Their babies are also more likely to die soon after birth. Women who's pregnancies which are unwanted are often less likely to get prenatal care, are statistically more likely to use cigarettes, alcohol, and drugs during their pregnancy, and are more likely to give birth to low birth weight, sick babies, as well as not breast feed. Should a baby be forced to be brought up under these conditions? Like drinking, drug use, prostitution, and sex, abortion is a victimless crime. In 1965, sociologist and lawyer Edwin Schur looked at the existing laws against homosexuality drug use, and abortion and found the laws to be futile. Schur argues the laws against abortion points up some of the major consequences of attempting to legislate against the crimes without victims. (qtd. in Sykes) He also went on to say that abortion is an example of the unenforceability of a statute that attempts to prohibit a private practice where all parties concerned seek to avoid the restriction. (qtd. in Sykes) Unenforceable laws have little affect on people's behaviors, but do lead to crime and corruption.

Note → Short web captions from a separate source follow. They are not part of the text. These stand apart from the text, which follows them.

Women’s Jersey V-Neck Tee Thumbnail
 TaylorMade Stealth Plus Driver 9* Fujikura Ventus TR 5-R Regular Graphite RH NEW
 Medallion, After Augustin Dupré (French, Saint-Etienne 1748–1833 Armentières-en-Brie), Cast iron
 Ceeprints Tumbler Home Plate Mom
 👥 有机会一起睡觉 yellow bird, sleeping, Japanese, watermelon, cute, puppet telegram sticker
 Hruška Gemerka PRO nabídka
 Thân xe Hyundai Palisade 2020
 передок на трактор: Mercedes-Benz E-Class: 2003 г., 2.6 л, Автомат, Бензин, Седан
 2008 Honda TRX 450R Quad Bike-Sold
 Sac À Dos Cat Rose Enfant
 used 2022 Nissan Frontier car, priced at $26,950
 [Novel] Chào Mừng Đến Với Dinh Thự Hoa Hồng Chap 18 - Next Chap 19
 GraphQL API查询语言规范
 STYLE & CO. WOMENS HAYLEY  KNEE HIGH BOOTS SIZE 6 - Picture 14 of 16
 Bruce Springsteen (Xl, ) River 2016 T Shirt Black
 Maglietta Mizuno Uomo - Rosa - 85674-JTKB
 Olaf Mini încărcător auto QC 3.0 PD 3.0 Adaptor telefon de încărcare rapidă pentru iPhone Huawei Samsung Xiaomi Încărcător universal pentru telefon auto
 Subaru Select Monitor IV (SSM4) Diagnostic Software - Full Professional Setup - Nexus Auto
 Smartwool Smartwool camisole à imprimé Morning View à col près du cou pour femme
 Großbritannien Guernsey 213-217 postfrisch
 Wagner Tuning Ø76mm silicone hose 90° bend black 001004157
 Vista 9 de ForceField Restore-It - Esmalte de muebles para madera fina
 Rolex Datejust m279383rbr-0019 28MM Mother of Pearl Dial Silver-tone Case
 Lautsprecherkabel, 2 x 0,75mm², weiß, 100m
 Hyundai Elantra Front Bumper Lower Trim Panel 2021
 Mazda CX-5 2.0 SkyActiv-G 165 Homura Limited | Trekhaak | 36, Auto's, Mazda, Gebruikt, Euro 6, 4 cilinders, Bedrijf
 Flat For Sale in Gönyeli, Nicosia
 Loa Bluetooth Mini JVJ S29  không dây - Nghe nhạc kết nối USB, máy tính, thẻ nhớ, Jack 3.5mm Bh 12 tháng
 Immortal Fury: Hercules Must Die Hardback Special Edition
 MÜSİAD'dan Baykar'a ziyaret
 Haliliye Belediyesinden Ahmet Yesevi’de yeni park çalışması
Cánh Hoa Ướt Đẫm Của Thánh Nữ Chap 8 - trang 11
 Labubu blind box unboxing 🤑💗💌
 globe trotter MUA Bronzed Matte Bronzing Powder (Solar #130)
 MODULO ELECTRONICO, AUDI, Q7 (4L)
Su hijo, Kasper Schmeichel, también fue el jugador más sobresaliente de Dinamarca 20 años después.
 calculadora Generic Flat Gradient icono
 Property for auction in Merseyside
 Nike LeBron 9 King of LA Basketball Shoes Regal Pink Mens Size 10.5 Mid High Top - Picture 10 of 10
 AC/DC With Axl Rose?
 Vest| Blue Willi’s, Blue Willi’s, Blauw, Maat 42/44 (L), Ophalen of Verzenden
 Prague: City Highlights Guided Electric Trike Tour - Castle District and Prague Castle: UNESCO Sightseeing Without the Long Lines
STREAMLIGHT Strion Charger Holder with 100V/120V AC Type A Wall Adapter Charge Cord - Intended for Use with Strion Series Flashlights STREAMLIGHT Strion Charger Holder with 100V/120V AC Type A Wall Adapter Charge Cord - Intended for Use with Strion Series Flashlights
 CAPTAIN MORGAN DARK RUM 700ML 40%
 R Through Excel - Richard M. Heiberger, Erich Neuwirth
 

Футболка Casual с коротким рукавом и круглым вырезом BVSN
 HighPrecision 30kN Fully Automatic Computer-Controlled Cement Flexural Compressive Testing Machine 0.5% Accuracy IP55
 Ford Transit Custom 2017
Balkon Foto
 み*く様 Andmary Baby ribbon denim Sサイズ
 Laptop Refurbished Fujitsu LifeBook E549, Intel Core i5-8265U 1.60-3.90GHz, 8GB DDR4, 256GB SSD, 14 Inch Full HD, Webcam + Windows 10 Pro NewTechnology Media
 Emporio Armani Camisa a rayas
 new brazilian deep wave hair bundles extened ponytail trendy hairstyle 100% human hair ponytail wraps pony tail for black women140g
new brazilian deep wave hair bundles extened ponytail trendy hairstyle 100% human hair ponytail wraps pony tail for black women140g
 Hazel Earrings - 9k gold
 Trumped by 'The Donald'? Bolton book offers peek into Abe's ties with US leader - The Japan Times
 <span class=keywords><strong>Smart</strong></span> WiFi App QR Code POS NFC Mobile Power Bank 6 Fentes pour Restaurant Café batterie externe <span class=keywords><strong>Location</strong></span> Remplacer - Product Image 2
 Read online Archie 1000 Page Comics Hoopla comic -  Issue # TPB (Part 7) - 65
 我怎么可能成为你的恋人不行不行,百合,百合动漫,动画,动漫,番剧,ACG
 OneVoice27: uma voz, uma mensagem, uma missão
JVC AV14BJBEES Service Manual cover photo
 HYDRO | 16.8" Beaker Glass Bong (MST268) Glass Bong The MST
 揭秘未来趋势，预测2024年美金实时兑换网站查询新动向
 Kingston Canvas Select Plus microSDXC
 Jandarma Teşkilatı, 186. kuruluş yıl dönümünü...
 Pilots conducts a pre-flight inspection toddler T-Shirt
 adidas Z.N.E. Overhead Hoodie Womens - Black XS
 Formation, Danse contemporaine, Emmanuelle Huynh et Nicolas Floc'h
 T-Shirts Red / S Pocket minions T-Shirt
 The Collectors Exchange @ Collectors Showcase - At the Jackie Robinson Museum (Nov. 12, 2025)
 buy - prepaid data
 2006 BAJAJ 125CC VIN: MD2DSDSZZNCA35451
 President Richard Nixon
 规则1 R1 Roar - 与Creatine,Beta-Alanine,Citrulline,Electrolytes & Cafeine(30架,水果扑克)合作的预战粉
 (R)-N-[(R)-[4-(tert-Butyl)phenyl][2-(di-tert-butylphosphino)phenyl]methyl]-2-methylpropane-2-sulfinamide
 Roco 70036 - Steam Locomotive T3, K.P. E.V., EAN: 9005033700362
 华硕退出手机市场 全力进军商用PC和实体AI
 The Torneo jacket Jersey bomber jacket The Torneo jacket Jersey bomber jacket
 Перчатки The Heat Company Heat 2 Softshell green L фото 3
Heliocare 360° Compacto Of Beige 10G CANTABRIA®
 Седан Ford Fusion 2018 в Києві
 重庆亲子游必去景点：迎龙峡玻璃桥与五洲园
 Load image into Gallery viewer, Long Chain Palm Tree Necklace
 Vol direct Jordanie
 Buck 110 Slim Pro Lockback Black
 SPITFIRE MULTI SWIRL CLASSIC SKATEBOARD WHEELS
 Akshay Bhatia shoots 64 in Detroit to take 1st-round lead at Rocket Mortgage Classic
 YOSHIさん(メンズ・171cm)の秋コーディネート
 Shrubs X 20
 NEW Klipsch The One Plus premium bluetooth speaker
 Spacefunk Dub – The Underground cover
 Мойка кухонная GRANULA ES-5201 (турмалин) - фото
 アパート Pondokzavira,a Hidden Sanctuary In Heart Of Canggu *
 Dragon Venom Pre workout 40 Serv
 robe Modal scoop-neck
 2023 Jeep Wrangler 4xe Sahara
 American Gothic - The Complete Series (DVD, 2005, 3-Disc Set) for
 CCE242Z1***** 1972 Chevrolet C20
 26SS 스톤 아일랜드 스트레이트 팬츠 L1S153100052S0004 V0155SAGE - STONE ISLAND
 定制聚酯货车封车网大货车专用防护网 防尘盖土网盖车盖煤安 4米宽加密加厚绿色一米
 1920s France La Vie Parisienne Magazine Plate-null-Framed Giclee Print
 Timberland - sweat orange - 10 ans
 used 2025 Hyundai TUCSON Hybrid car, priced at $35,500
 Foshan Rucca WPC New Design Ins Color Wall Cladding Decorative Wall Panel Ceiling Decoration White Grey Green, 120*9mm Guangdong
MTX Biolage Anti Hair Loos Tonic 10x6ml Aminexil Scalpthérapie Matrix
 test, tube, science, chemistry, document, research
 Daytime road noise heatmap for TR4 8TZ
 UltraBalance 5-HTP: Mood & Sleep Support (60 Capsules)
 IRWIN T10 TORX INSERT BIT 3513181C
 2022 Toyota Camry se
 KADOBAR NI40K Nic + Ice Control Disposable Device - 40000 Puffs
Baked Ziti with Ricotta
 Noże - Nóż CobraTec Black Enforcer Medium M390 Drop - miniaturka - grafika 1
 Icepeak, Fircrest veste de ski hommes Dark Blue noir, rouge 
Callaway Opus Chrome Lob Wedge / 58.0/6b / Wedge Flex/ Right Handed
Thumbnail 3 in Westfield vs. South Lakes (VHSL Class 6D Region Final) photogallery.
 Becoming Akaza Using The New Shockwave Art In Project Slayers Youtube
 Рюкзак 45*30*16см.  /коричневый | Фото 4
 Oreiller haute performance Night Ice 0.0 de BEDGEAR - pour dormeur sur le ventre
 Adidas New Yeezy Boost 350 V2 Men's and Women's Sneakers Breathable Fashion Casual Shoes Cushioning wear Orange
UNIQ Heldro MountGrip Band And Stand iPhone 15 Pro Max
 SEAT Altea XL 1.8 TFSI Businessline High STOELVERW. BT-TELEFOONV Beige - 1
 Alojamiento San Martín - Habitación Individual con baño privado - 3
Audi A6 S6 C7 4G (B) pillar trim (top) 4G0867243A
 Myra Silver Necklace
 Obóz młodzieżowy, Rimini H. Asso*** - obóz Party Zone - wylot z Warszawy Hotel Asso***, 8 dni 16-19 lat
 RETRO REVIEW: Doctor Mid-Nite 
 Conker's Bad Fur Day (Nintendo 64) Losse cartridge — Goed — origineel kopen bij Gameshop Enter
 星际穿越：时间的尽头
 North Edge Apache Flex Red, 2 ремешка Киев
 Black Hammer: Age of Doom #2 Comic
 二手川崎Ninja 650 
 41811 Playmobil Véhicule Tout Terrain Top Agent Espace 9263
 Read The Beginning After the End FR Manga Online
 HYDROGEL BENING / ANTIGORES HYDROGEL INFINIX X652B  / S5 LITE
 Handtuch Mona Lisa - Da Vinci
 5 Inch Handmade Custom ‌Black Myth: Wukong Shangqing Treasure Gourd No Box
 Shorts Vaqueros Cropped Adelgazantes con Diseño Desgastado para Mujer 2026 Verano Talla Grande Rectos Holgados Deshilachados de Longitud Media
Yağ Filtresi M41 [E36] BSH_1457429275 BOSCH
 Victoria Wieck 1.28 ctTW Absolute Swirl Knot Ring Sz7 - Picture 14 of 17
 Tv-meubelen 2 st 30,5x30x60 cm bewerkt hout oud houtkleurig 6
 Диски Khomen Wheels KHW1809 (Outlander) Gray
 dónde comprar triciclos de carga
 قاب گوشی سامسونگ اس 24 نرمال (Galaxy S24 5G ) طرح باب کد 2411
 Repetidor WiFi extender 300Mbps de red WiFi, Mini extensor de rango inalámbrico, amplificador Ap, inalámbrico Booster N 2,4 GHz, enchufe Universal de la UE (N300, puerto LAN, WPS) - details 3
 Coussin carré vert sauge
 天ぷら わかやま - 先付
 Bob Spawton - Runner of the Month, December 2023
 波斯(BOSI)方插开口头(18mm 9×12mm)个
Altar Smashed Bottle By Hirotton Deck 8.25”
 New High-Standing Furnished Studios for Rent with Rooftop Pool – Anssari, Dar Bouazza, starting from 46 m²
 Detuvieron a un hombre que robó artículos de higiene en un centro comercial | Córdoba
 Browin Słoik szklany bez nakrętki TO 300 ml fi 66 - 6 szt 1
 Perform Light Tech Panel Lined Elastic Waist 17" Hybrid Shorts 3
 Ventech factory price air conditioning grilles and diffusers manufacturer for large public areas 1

In countries like Canada or the United States, where individual freedoms and liberties are a very high priority, it is hard to picture a complete end to abortion. That is why most are pro-choice even if they dislike abortion. One of the most debated subjects on abortion is whether an embryo is a human being or something less. Anti-abortionists argue that an embryo is a human and is entitled to the same rights as anyone else, including the women carry it. What they ignore is that allowing an embryo to use a women's body against her will would give it more right than she has, since a women does not have the right to demand the use of other people's bodies to save her own. Anti-abortionists also ignore thousands of years of cultural, religious, social and legal history, which has never held an embryo to be a person.
Only abortion opponents have referred to an embryo as a person, and only to oppose abortion. Any law that defines an embryo as a person with equal right to, or greater than, that of a women's is illogical. Subjugating women to the needs of a tablespoon of insentient, unaware tissue is perverse. Equating a human being with a hollow ball of cells trivializes everything we value about humanity.
(Sykes) A women is more than an embryo and therefore should have greater rights then an embryo or at least have the right to choose how her body is to be used. Abortion may not be right or wrong, but this is beside the point. Abortion has simply become a fact of life and must be allowed in order to satisfy the needs of everyone. Pro-choice seems to be the more politically correct view since it does not attempt to impose personal views upon others, but rather suggests a viable solution to one of the many problems the world faces.
In a society such as the one in which we live it is necessary to view abortion objectively. One must ask themselves if unwanted, sick, and abandoned babies are needed and if it is just or a good moral decision to bring such babies into the world, human or not. Work Cited Sykes, Margaret. Pro-Choice Views. 2001.28 Feb. 2001.